High titer of serum antiphospholipid antibody levels in adult Henoch-Schönlein purpura and cutaneous leukocytoclastic angiitis
Article first published online: 27 MAR 2008
Copyright © 2008 by the American College of Rheumatology
Arthritis Care & Research
Volume 59, Issue 4, pages 561–567, 15 April 2008
How to Cite
Kawakami, T., Yamazaki, M., Mizoguchi, M. and Soma, Y. (2008), High titer of serum antiphospholipid antibody levels in adult Henoch-Schönlein purpura and cutaneous leukocytoclastic angiitis. Arthritis & Rheumatism, 59: 561–567. doi: 10.1002/art.23528
- Issue published online: 27 MAR 2008
- Article first published online: 27 MAR 2008
- Manuscript Accepted: 26 SEP 2007
- Manuscript Received: 26 JUN 2007
- Scientific Research Fund of the Ministry of Education, Science, Sports and Culture, Japan. Grant Numbers: 16591121, 18591261
To investigate a possible role of antiphospholipid (aPL) antibodies in adult Henoch-Schönlein purpura (HSP) and cutaneous leukocytoclastic angiitis (CLA).

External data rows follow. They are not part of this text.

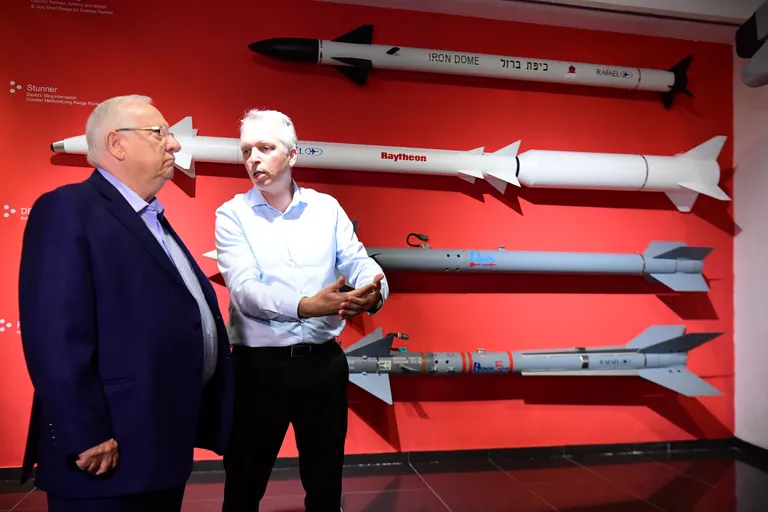 Iisraeli raketid (ülalt alla): Raudkupli (Iron Dome) rakett, Stunner (Taaveti Lingi ehk David's Sling rakett), Derbi ja Python 5. Raudkuppel on spetsialiseerunud lühimaarakettidele, Taaveti Ling keskmaa ja taktikalistele ballistilistele rakettidele, Derbi ja Python 5 aga on õhk-õhk tüüpi raketid, mida kasutatakse lahingulennukite relvastuses.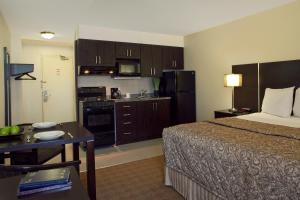 canadas best value inn toronto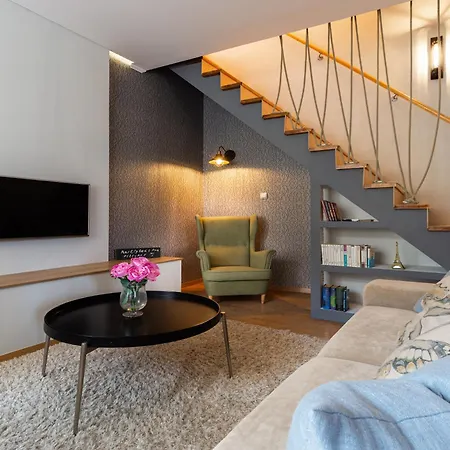 Cozy, 2 Bedrooms Next To New York Cafe Apartment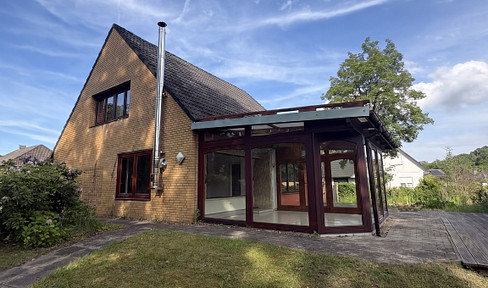 Single-family house with a potential for conversion into a two-family dwelling, featuring a large plot of land and significant development potential.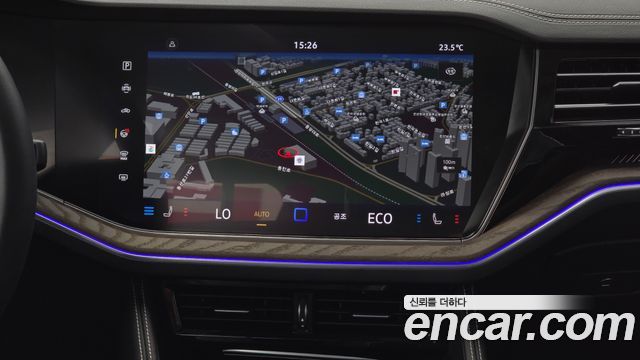 Volkswagen Touareg 2024 — photo 19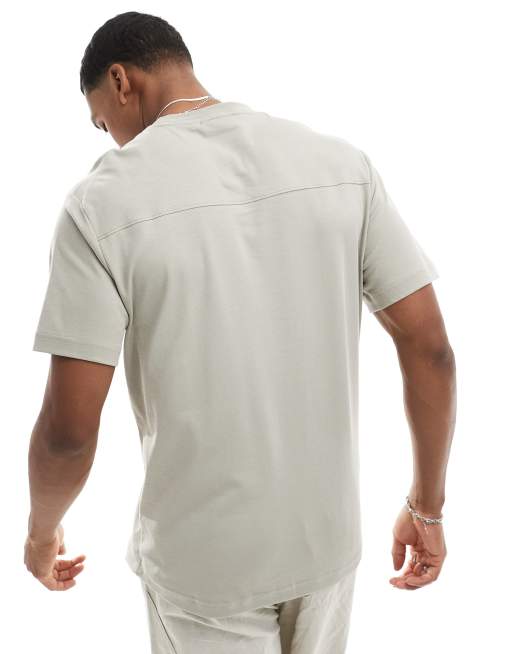 Calvin Klein - T-shirt met schaduwlogo in reliëf in beige, 4 van 4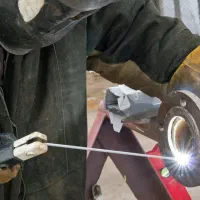 جوشکاری بُرشکاری سیار تعمیرات خانگی|خدمات پیشه و مهارت|اصفهان, عباس‌آباد|دیوار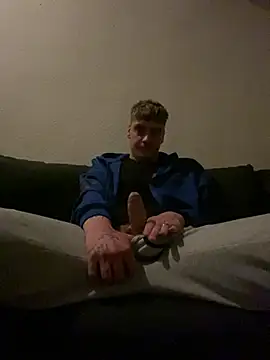 Simboxxx040 online show from 24, 4, 2026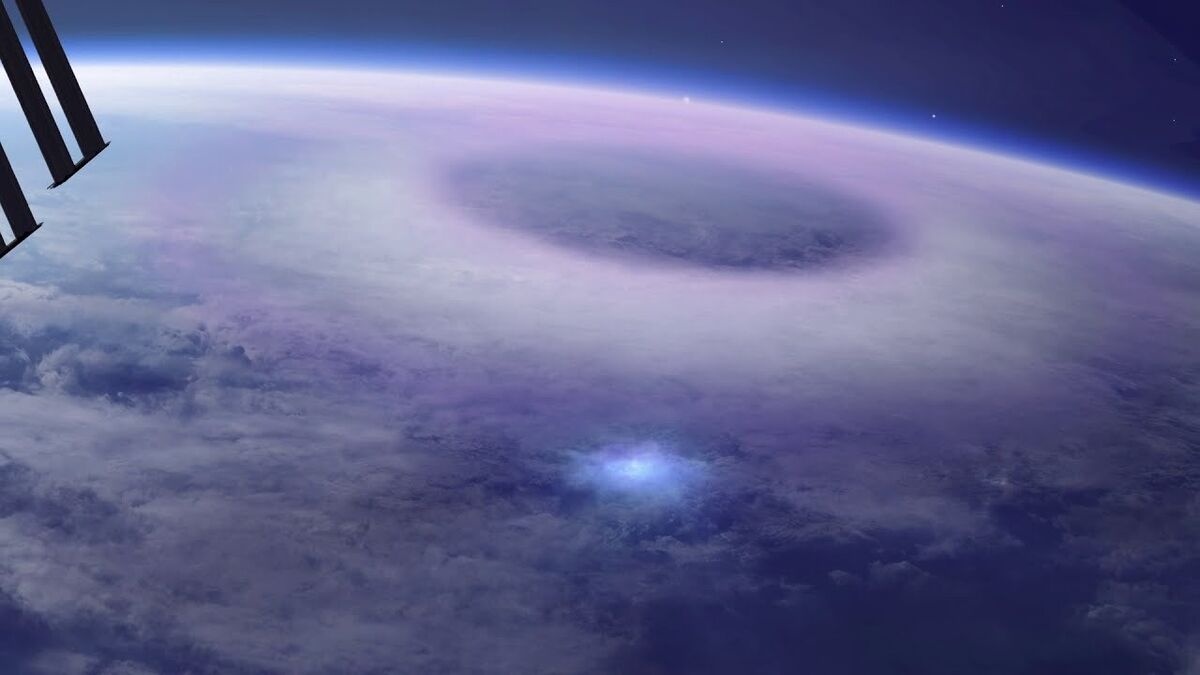 ¿Qué es la luz azul que salió de la Tierra y captó la Estación Espacial?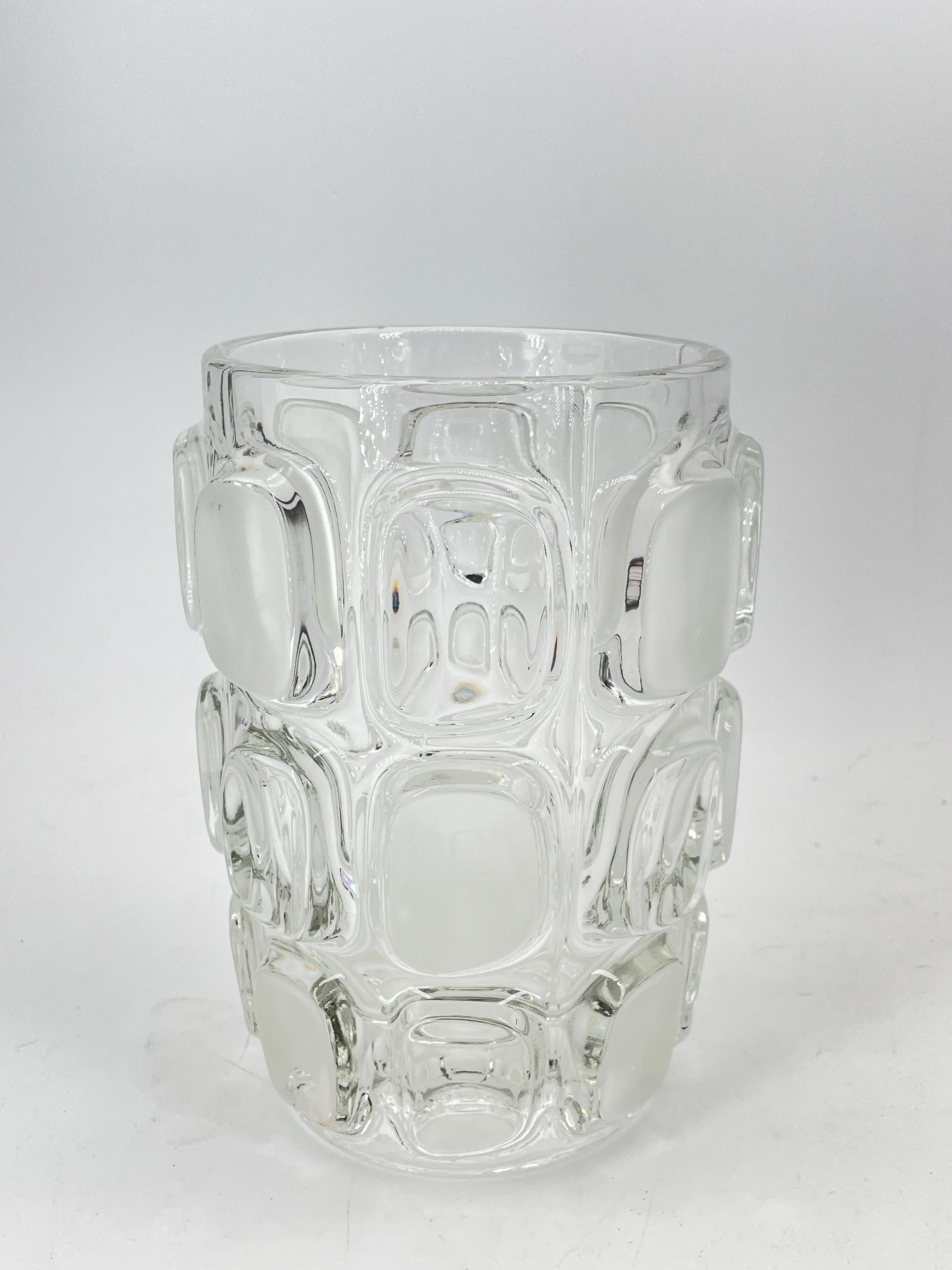 Machine-Made 1960s Op Art Glass MCM Vase by Frantisek Vizner for Sklo Union Libochovice For Sale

We reviewed the records of 30 HSP and 8 CLA adults with an initial cutaneous manifestation of palpable purpura on their lower extremities between 2003 and 2007. Eight microscopic polyangiitis (MPA) patients and 30 healthy persons were recruited as controls. Serum anticardiolipin (aCL), anti–phosphatidylserine-prothrombin complex (anti-PS/PT), and anti–β2-glycoprotein I (anti-β2GPI) antibody levels in HSP, CLA, MPA patients, and healthy controls were measured by enzyme-linked immunosorbent assay.
Twenty-two HSP patients (73%) were positive for serum IgA aCL antibodies. Nineteen (63%) had IgA anti-PS/PT antibodies and 4 (13%) had IgA anti-β2GPI antibodies. IgA aCL and anti-PS/PT antibodies showed a significant correlation (P = 0.007). Twenty (67%) HSP patients had IgM anti-PS/PT antibodies and 6 (20%) had IgG anti-PS/PT antibodies. Six (75%) CLA patients had IgM anti-PS/PT antibodies and 2 (25%) had IgG anti-PS/PT antibodies. In contrast, aPL antibodies were not found in any MPA patients or normal controls. Serum IgA aCL antibody levels in HSP patients showed a significant correlation with serum IgA and C-reactive protein (CRP) levels (P = 0.030 and 0.039, respectively). A positive correlation between CRP and serum IgA anti-PS/PT antibody levels was observed in HSP patients (P = 0.023). Serum IgA aCL antibody levels were also significantly associated with proteinuria according to urinalysis (P = 0.024).
Serum levels of IgA aCL and anti-PS/PT antibodies were elevated in adult HSP, suggesting that serum IgA antibodies may play some role in adult HSP. IgA aCL and/or anti-PS/PT antibodies could serve as markers for adult HSP and should be monitored as an indicator of adult HSP activity. Small-vessel vasculitis could be dependently associated with the presence of IgM anti-PS/PT antibodies. These findings suggest that aPL antibodies are closely related to the pathogenic factors that trigger the development of vasculitis.